Michael Sowder was born in Cincinnati, Ohio, and moved with his family to Birmingham, Alabama, when he was nine. He earned a BA from the University of Alabama at Birmingham and a JD at the University of Washington in Seattle. After clerking for a federal judge, he worked as a lawyer for several years in Atlanta while he earned his MFA in poetry at Georgia State University. After abandoning the practice of law, he enrolled at the University of Michigan for his PhD, writing a dissertation on Whitman and 19th-century American religion. His scholarly study, Whitman’s Ecstatic Union, was published by Routledge in 2005.

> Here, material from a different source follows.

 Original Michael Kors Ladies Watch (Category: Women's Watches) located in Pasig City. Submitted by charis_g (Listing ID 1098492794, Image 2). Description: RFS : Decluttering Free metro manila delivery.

Sowder’s first collection, The Empty Boat (2004), was chosen by Diane Wakoski for the T.S. Eliot Award. In response to the collection, Wakoski noted the way Sowder “takes the crow myth of Ted Hughes and the wish for Electra's retribution in Plath, creating his own personal mythology out of American reclamation and spiritual revelation.” Sowder’s first chapbook, A Calendar of Crows (2001),won the inaugural Diagram/New Michigan Press Award. In his most recent collection, House Under the Moon (2012), Sowder relies on his longtime practice in yogic and Buddhist traditions to investigate the challenges of living a contemplative life in the contemporary world. His poems and essays have also appeared in Ted Kooser’s American Life in Poetry, Five Points, Green Mountains Review, Poet Lore, Sufi Journal, New Poets of the American West, the New York Times Online, Shambhala Sun, and elsewhere.

Sowder is the founder of the Amrita Sangha for Integral Spirituality, an organization that studies and teaches the practices of the world’s contemplative traditions. In 2014, Sowder traveled to India on a Fulbright Fellowship to study Indian literature and religion and work on a spiritual memoir.

A professor of English at Utah State University, and an affiliated faculty member in Utah State’s Religious Studies Program, Sowder lives at the foot of the Bear River Mountains with his wife and two sons.